In lecture on March 6th, Richard Rothstein presents new data showing black youth trailing on eight broad outcome measures.

In lecture on March 6th, Richard Rothstein presents new data showing black youth trailing on eight broad outcome measures

New indicator system is first in effort to develop a national educational equity report card
The newspapers are full of debate over America's "education gap" -- the divide that separates wealthier, predominantly white students from those who are poorer and of color. But just how big is that gap -- and how should it be quantified?

Now, using a new set of criteria that encompasses eight broad goals of schools and other institutions of youth development, Teachers College researcher Richard Rothstein has estimated that the "educational equity gap" between black and white youth stands at just under 20 percentile points in a national distribution.

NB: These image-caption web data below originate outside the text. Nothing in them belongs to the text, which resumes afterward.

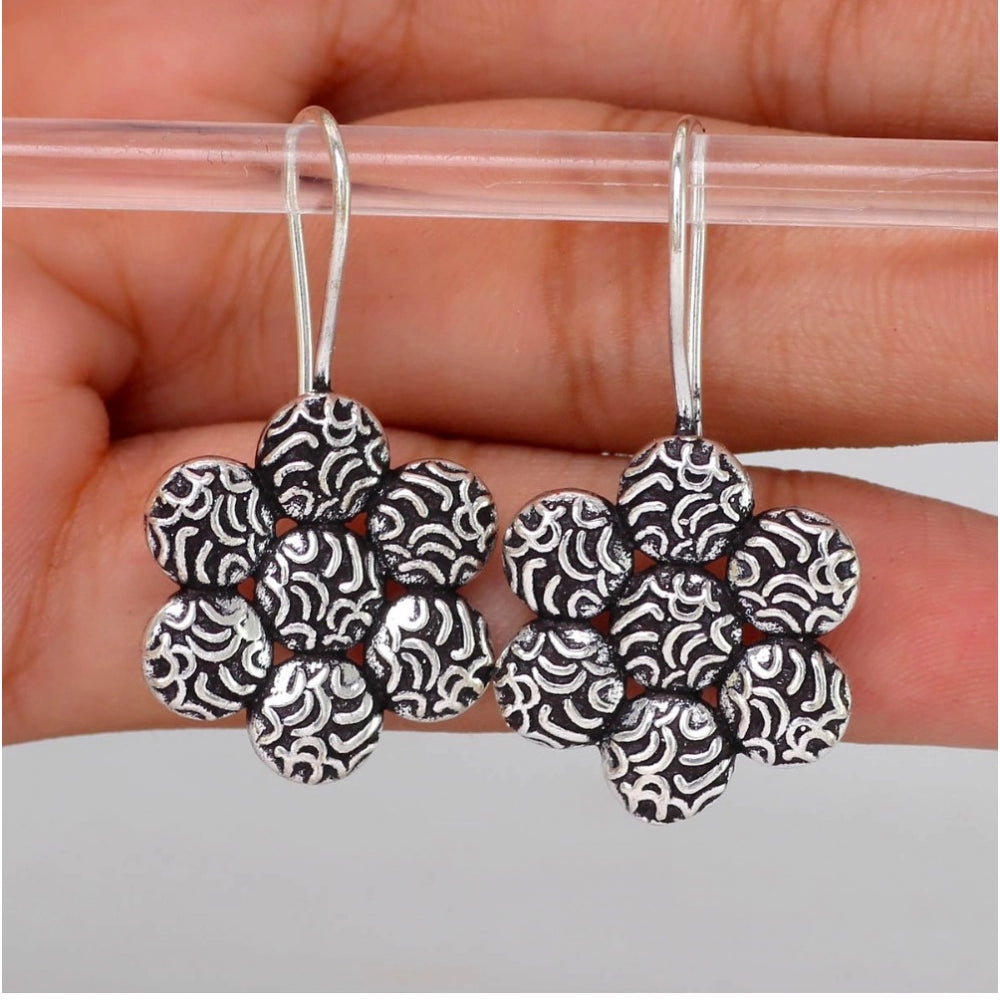 Women's New Designer Flower Shape Handmade Indian Traditional Oxidised Stud Earrings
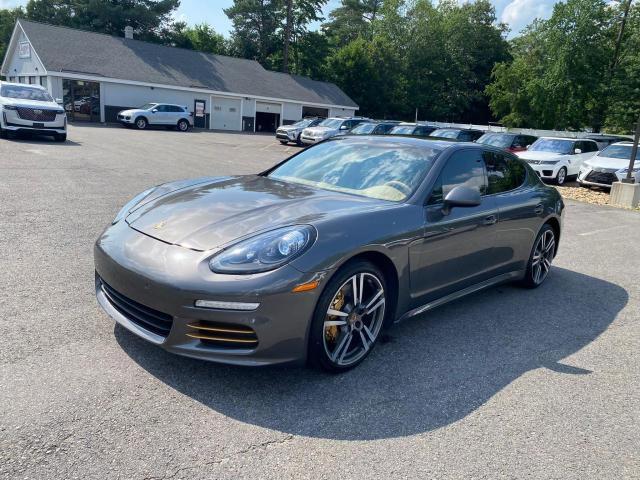 2015 Porsche Panamera 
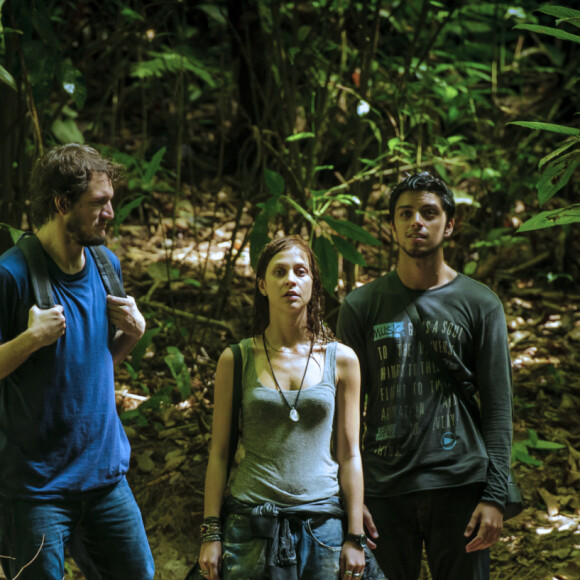 Novela 'Além do Horizonte' apostou mais em romance, porém seguiu com audiência baixa. Na foto, Paulinha (Christiana Ubach), Marlon (Rodrigo Simas) e Assis (Ravel Cabral)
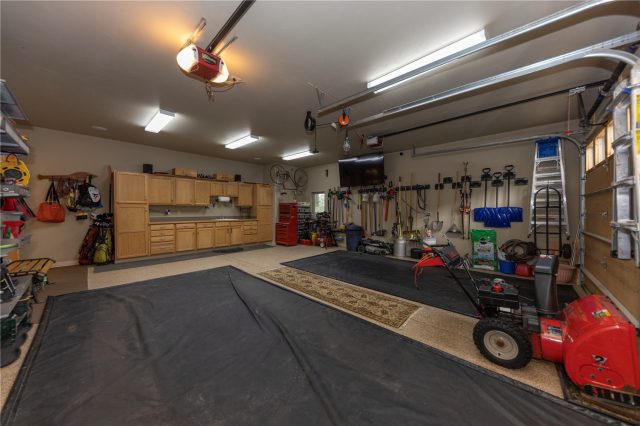 354 Ensign Drive photo 45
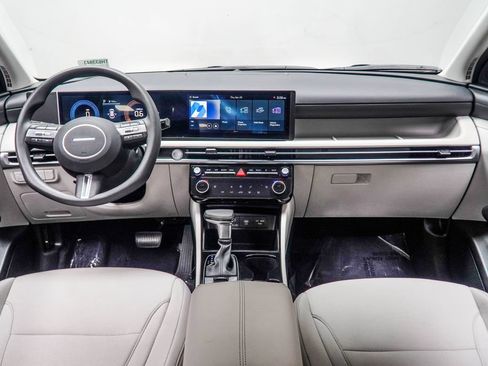 Used 2026 Hyundai Tucson SEL FWD image 5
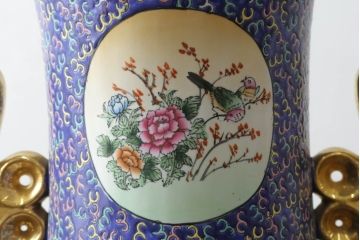 中国　色絵　粉彩　多種多様な絵付けと堂々とした佇まいが魅力の特大壷(定価約120万円)(鶴、ツル、鹿、花鳥、窓絵、飾り壺、置物)(R-075418)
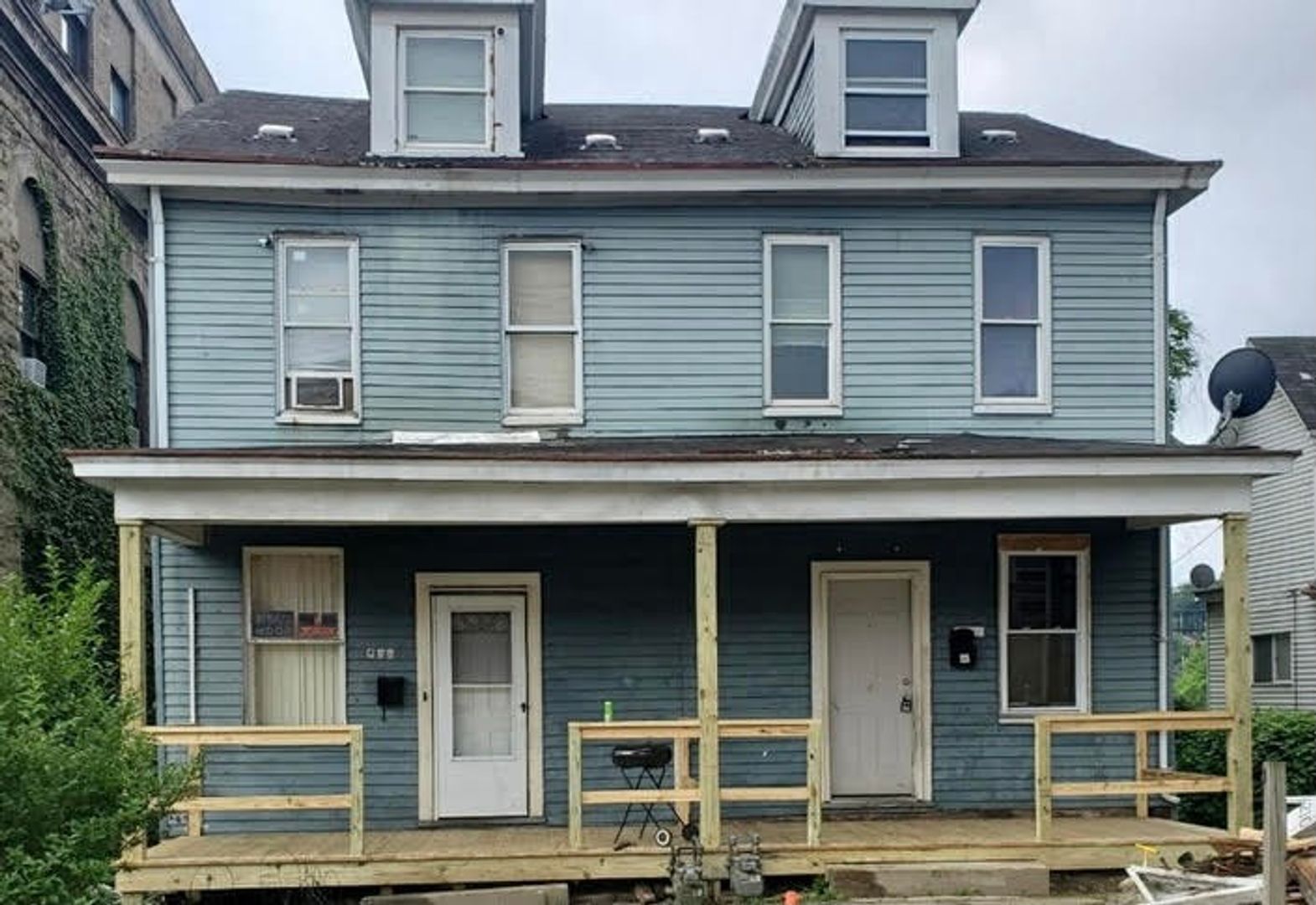 NEWLY RENOVATED 3 BEDROOM IN THE HEART OF MOUNT OLIVER!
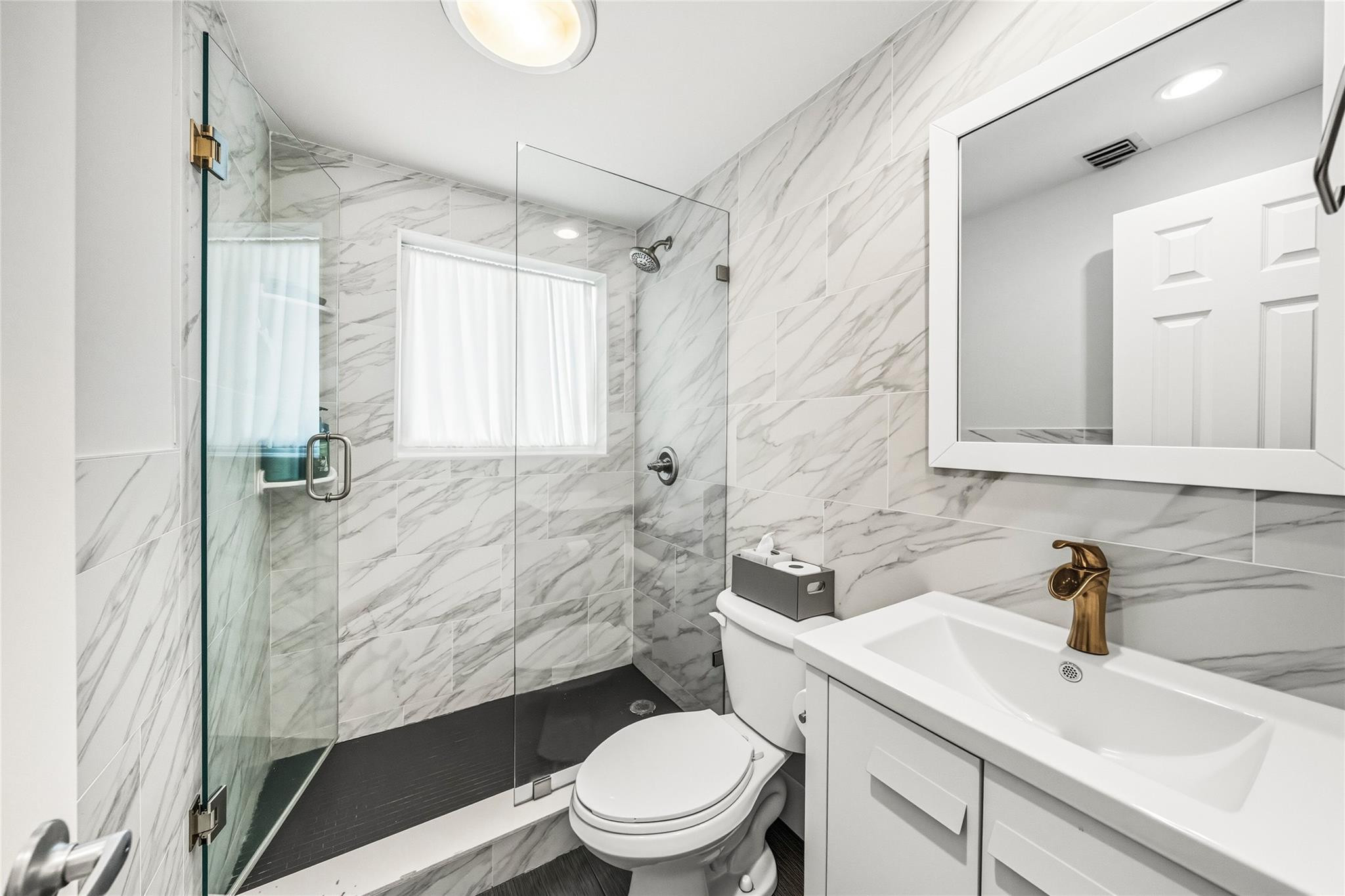 1000 SE 4th #117 & 118, Fort Lauderdale FL 33301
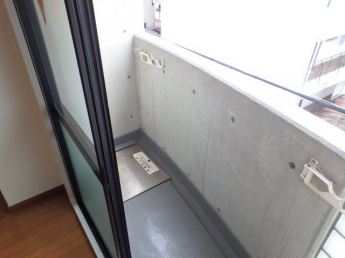 お洗濯が快適なバルコニー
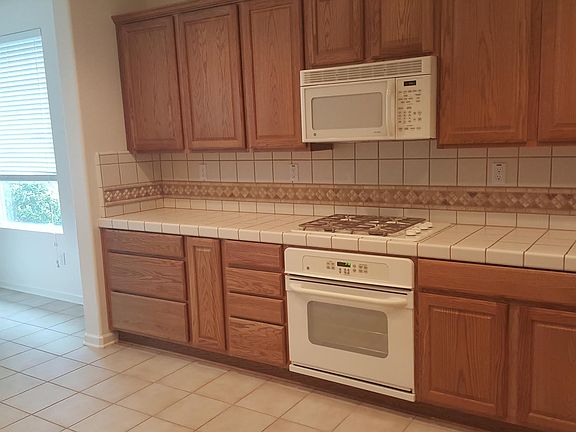3rd image of 1173 Segolily Ln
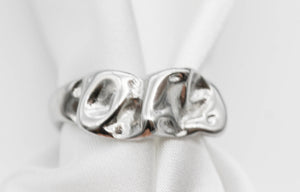 ANILLO ARRUGADO ANCHO AJUSTABLE, TONO PLATEADO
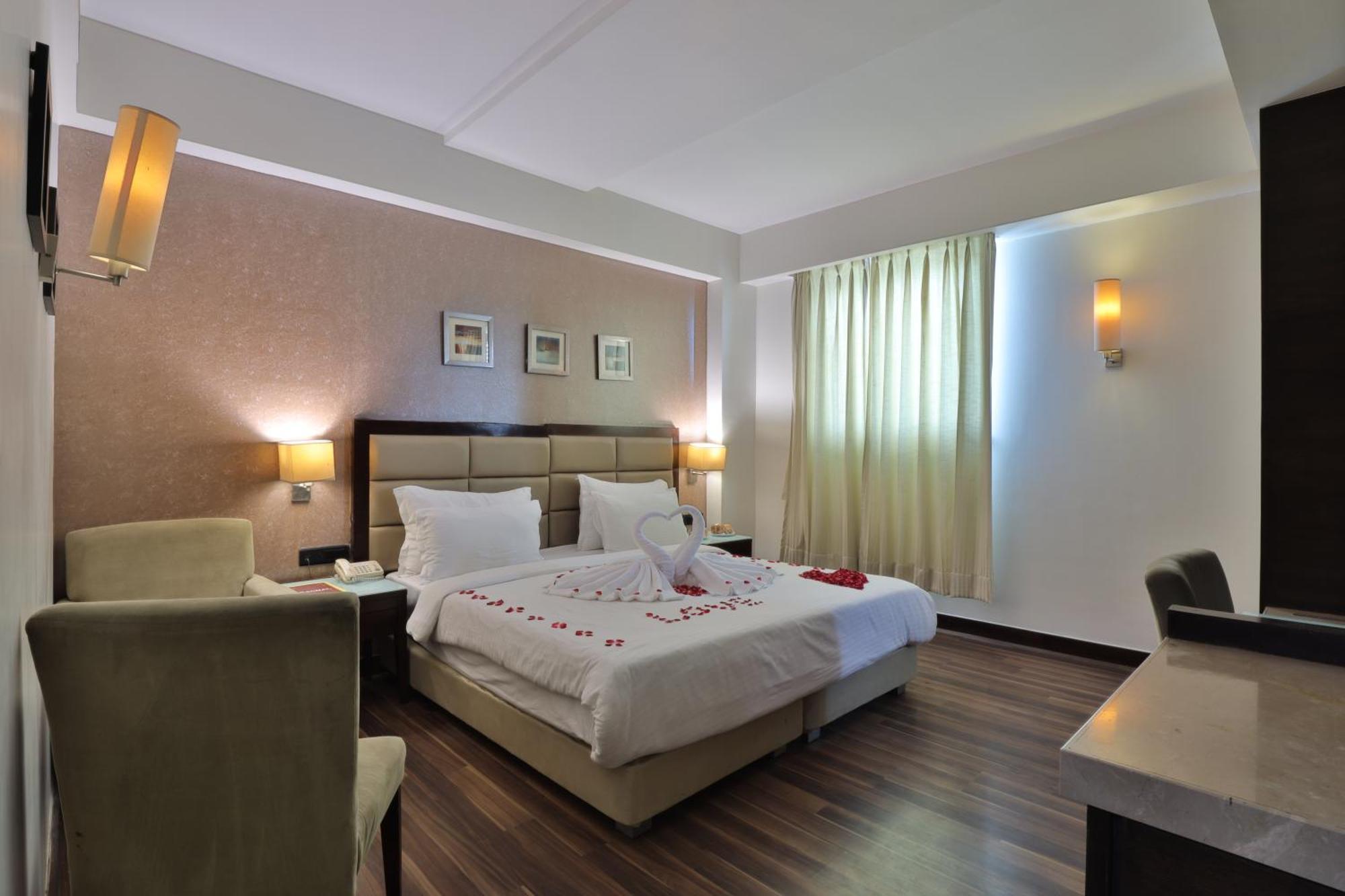 Krios Hotel - Near Sg Highway, 아흐메다바드 외부 사진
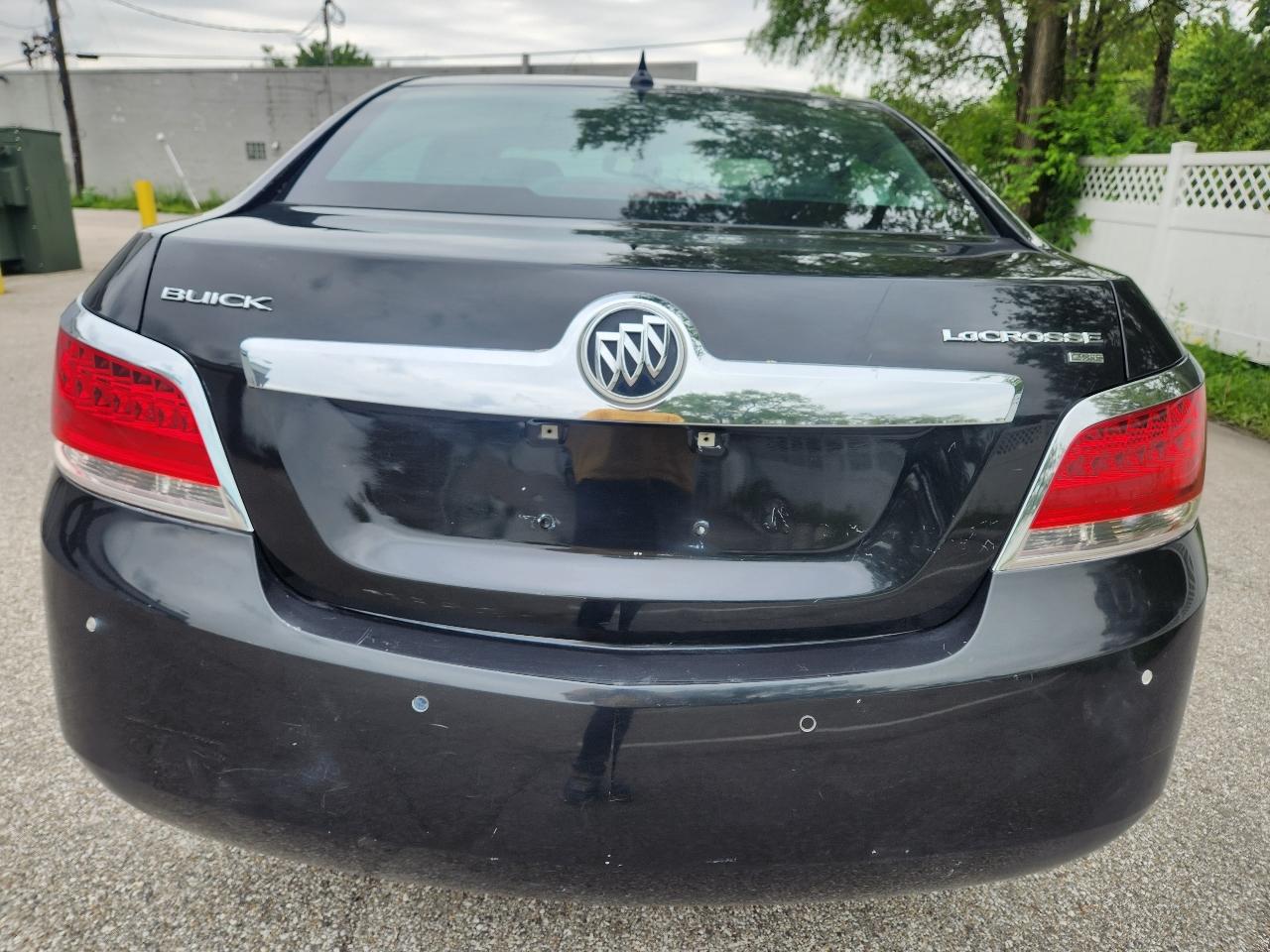 Buick LaCrosse 4dr Sdn CXL 3.0L FWD 2010
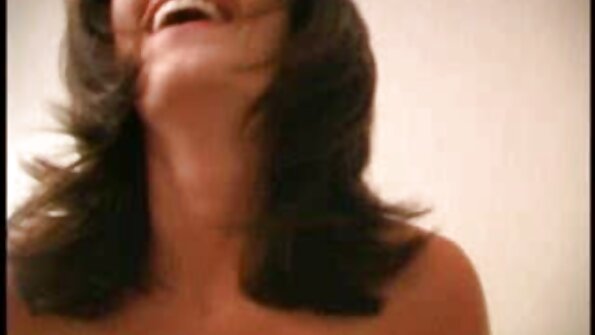 Mollige Frau räumt nackt ohne Höschen in pornofilme mit frauen ab 50 der Küche auf
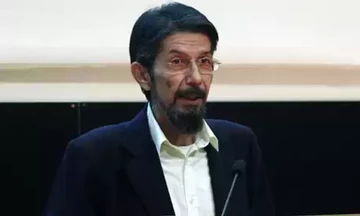 Χουλιάρας: Ντρέπομαι για την επιστήμη μου εδώ που φτάσαμε 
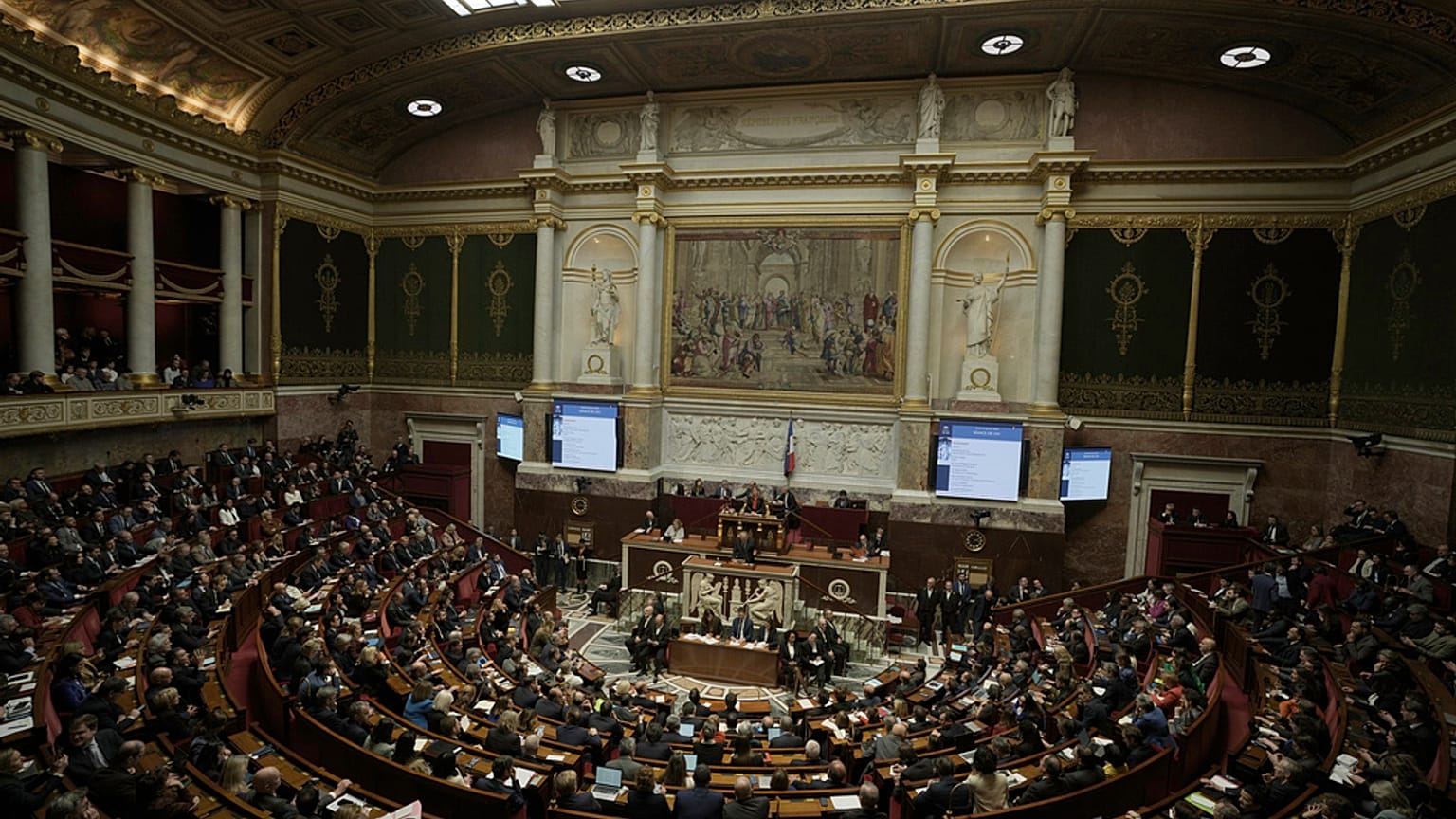 Paris'teki Ulusal Meclis. 14 Ocak 2025.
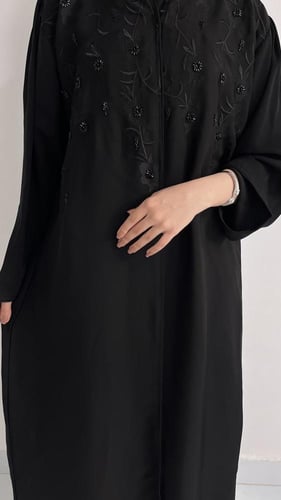 عبايه 101 طرز وشك صدر وظهر قماش ملكي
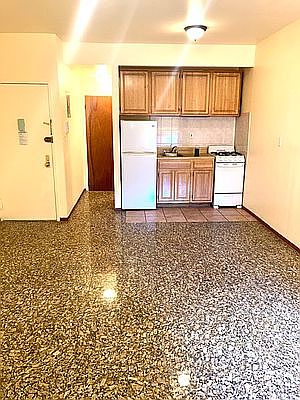 1st image of 158 E 107th St #1R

More specifically, in a distribution of all youth nationwide, the "average" white 17 year-old ranks at the 56th percentile in combined performance on each of eight broad outcome areas, while the average black 17 year-old ranks at the 38th percentile.

The eight broad outcome areas are: basic academic skills; critical thinking skills; social skills and work ethic; citizenship and civic participation; physical health; emotional health; appreciation of the arts and literature; and preparation of non-college bound youth for skilled work.

Rothstein will present these findings at Teachers College on Monday night in the second of a three-part lecture series known as the Tisch Lectures. The event will take place at 7 p.m. in Milbank Chapel on the Teachers College campus at 525 West 120th Street, between Broadway and Amsterdam Avenue.

Rothstein -- a fellow of the Economic Policy Institute and author of the influential book Class and Schools -- is in the midst of developing a new "report card" that will track America's progress, at both the federal and state levels, in achieving equity for all youth. In the first Tisch Lecture, held in January, he showed how, by focusing predominantly on reading and math, America's current education goals -- as defined under the federal No Child Left Behind Act -- are at odds with the much broader aims historically espoused by the nation's schools and still supported by the general public, and by those elected officials who are charges with establishing education's goals.

"Holding schools accountable only for math and reading is an extreme position," he said. "NCLB is an historical anomaly."

At this Monday's talk, Rothstein, together with Teachers College graduate student Tamara Wilder, will summarize existing data on the black-white divide in each of the eight goal areas he has identified. Where possible, they will use data that measure the performance of young people at the age of 17, when they are at the age to leave secondary school. However, because those data do not always exist, Rothstein and Wilder will supplement them with some descriptions of "mileposts" -- indicators of how students perform at earlier ages. They also will report on policies and resources in each of these areas that scholars believe are most likely to improve outcomes.

In his final lecture on April 24, Rothstein will describe equity-related data at the state level and discuss their limitations. He will then present a proposal for gathering additional information that will be necessary to construct a truly meaningful equity report card that can make state-to-state comparisons.